Molloy's Live for Success Cover

If you were an adult or near adult in the early 1980s, chances are you heard of the Dress for Success books by John T. Molloy. They gave aspiring yuppies the knowledge of how to dress like wealthy business men and women.

The books are still around, used (Dress for Success and Women’s Dress for Success), and are horribly dated. However, the meta-information, the theory behind the details, is still sound. If you can ignore the fashion advice and follow the underlying principles, you can learn to dress to fit into any group of people.

I learned a lot from my copies of these books, and have had the idea, buried in the back of my mind, to use the theories to create an “Aspie Gal’s Guide to Clothing”. Probably won’t ever happen, as I have more important projects and besides, clothing just doesn’t interest me that much.
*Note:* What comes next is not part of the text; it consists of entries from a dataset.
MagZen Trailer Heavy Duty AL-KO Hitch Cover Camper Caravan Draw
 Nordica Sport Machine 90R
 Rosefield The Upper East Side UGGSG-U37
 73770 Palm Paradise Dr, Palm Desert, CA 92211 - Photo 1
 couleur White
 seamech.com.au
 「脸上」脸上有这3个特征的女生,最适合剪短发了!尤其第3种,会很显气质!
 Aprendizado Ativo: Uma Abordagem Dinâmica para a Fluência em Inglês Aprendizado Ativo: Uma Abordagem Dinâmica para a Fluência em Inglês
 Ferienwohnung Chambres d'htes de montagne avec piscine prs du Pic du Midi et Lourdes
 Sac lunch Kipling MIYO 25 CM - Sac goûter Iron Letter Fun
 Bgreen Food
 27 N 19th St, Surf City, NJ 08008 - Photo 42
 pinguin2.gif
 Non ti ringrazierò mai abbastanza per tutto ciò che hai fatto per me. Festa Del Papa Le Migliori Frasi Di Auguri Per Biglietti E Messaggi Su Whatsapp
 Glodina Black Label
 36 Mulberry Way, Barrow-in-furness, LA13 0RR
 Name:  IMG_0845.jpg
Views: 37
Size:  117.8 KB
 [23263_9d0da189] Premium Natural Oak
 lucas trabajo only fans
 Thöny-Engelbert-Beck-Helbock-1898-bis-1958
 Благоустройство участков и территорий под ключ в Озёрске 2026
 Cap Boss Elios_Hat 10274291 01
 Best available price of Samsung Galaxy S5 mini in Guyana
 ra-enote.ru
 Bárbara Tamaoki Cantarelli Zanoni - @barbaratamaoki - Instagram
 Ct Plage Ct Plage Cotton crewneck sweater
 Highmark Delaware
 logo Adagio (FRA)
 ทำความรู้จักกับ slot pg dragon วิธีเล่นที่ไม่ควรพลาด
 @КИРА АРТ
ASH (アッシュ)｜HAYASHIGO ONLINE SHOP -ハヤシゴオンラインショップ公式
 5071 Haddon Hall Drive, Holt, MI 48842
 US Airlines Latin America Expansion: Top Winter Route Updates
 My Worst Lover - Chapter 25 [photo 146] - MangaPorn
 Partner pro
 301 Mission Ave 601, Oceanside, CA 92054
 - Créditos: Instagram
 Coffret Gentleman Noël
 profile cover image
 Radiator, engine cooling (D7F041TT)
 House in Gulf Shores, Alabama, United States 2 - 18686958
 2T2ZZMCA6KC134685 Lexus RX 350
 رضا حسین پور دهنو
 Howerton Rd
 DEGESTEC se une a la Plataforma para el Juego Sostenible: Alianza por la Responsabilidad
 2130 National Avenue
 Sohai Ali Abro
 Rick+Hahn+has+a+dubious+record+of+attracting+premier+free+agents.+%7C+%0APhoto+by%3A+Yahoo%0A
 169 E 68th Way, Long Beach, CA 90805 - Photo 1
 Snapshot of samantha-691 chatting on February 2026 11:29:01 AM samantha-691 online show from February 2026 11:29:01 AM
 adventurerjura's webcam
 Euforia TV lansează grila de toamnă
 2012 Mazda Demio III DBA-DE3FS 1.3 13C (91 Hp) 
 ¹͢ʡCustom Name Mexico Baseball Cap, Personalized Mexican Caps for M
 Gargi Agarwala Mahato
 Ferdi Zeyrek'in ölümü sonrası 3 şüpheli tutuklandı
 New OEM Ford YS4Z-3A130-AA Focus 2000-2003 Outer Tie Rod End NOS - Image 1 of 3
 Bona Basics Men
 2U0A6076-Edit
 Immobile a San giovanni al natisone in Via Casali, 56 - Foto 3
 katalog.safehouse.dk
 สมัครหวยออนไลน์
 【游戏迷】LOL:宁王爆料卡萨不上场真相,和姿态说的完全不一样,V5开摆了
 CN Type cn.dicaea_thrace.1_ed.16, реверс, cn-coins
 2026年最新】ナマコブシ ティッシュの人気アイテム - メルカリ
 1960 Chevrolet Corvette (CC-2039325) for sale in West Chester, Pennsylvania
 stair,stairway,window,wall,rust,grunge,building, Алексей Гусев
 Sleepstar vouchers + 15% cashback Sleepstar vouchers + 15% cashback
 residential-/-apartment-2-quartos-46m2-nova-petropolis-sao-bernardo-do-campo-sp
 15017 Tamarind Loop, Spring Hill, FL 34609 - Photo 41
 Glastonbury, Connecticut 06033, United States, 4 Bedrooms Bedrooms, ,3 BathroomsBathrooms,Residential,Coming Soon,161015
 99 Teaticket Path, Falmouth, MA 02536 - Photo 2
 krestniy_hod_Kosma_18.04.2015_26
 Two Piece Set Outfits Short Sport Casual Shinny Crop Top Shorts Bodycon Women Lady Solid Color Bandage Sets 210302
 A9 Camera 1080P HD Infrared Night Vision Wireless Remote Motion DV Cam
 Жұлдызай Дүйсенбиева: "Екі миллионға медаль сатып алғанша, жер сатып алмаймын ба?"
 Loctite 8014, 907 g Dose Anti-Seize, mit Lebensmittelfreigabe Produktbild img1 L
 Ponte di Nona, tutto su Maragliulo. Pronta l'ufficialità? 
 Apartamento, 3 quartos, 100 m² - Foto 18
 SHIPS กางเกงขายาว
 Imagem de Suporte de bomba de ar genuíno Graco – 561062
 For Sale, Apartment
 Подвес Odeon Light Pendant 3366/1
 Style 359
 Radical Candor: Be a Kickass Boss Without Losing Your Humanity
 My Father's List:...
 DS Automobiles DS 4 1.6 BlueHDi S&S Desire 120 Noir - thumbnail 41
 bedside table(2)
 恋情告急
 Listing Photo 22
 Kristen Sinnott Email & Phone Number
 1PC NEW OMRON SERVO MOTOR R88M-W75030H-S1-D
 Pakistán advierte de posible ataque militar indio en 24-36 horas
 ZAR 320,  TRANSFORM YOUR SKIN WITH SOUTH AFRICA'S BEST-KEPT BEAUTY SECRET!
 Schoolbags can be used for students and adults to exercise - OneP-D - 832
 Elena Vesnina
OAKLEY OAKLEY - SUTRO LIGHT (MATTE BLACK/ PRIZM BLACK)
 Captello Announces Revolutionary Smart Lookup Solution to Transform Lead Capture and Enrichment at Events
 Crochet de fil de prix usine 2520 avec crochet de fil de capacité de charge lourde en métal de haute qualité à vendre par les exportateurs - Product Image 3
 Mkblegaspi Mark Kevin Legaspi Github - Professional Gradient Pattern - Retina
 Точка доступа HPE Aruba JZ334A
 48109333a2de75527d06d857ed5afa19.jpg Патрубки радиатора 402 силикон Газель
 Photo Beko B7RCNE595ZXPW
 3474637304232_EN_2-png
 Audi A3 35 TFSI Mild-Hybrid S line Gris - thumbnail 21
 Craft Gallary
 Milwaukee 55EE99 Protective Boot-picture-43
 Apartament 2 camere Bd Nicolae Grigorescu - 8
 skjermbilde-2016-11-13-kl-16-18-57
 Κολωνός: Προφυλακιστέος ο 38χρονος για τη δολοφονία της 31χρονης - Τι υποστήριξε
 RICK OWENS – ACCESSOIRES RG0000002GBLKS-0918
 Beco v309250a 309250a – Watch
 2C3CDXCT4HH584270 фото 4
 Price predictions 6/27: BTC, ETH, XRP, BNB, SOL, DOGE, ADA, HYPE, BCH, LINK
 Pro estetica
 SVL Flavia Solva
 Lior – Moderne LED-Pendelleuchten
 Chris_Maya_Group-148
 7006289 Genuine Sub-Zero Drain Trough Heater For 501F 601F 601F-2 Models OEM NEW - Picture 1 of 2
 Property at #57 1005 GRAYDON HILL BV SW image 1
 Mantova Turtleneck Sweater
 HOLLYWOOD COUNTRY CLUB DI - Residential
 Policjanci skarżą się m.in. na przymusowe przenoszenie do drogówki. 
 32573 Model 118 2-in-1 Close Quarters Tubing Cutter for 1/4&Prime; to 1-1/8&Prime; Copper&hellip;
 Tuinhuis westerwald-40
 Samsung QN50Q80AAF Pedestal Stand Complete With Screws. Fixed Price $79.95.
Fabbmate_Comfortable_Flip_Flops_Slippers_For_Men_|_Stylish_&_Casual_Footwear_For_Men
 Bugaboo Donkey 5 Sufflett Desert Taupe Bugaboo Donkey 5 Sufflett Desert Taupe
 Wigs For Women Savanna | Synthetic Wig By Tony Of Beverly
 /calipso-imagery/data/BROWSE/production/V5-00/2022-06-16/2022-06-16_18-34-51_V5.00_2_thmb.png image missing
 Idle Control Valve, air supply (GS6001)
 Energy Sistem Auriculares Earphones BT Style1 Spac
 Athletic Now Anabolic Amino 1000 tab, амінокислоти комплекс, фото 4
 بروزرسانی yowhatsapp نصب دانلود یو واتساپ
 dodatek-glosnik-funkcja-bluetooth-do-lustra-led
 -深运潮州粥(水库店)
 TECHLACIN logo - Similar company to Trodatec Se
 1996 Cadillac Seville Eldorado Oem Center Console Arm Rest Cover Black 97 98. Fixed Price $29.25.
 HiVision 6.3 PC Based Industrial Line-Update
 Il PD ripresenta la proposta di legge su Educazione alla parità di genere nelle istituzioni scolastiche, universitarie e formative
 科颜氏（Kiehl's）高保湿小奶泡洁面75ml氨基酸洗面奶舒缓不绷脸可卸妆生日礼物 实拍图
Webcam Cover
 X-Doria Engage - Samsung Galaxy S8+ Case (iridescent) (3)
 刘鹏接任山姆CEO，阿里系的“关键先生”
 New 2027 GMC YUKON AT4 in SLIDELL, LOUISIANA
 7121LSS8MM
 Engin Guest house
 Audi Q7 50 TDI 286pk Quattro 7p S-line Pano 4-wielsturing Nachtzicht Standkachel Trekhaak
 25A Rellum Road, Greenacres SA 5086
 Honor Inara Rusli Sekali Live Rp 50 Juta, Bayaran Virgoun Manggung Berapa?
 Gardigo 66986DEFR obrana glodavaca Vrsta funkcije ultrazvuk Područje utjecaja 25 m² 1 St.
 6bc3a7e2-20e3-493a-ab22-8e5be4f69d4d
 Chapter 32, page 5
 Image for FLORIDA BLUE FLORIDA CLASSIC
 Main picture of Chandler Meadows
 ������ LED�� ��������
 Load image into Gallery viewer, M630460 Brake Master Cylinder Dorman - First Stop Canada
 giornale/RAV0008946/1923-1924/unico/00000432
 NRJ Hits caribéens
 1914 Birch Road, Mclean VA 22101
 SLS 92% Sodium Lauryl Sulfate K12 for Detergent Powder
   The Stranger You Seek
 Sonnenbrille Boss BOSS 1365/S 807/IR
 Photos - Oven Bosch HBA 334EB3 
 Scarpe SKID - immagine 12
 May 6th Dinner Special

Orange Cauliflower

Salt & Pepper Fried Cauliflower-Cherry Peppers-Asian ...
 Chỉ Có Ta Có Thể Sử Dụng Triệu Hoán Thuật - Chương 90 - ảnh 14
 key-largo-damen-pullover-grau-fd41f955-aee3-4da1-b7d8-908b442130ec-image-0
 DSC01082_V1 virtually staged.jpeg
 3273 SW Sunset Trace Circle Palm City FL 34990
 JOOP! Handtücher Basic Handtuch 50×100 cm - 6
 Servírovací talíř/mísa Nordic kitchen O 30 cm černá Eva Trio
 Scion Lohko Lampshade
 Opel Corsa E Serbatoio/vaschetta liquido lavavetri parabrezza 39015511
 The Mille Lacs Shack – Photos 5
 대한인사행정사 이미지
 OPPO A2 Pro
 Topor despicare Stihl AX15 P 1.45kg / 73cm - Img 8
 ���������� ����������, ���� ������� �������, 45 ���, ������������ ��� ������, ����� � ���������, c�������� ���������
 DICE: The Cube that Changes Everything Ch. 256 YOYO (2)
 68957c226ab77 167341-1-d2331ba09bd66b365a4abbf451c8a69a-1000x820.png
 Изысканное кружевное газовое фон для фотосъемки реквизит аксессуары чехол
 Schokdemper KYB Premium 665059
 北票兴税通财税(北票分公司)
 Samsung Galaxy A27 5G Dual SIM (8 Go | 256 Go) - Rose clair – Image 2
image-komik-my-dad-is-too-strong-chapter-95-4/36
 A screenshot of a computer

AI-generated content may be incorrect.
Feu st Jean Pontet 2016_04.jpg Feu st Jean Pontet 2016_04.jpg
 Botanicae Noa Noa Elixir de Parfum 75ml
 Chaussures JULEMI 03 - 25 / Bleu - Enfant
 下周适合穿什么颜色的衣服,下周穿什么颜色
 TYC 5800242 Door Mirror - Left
John Molloy (who I am half convinced is Aspie too) wrote another Success book that was much less popular, Molloy’s Live for Success. To explain what this book is about, I’m quoting the top review on Amazon:

… how people react to you differently depending on what you wear, they also react to you on how you talk (and not just on WHAT you say, but more HOW you say it), how you hold your shoulders, your mouth, and other behavioral mechanisms. Molloy runs through all of this, explaining the experiments he did and the results. …. In one chapter, Molloy explains how he used his research to help an employee eliminate a series of body language oddities which were making people dislike him. Furthermore, he had passed these body language habits onto his kids who were unpopular in school. They all learned what they were doing and corrected it, with enormous success.

Sounds like a guide to social skills for Aspergers adults!

My copy went missing about 10 years ago, but I’m cleaning house and hope to find it. When I do, I’ll start publishing lots of excerpts — not enough to violate copyright, but enough to discuss the basic principles and give my take on applying them.

How did the employee fix his body language? He set up a video camera in his dining room, and turned it on when his family ate dinner. By watching the tapes (this was in the 1970s or 1980s), he and his kids were able to see their body language and work to modify it.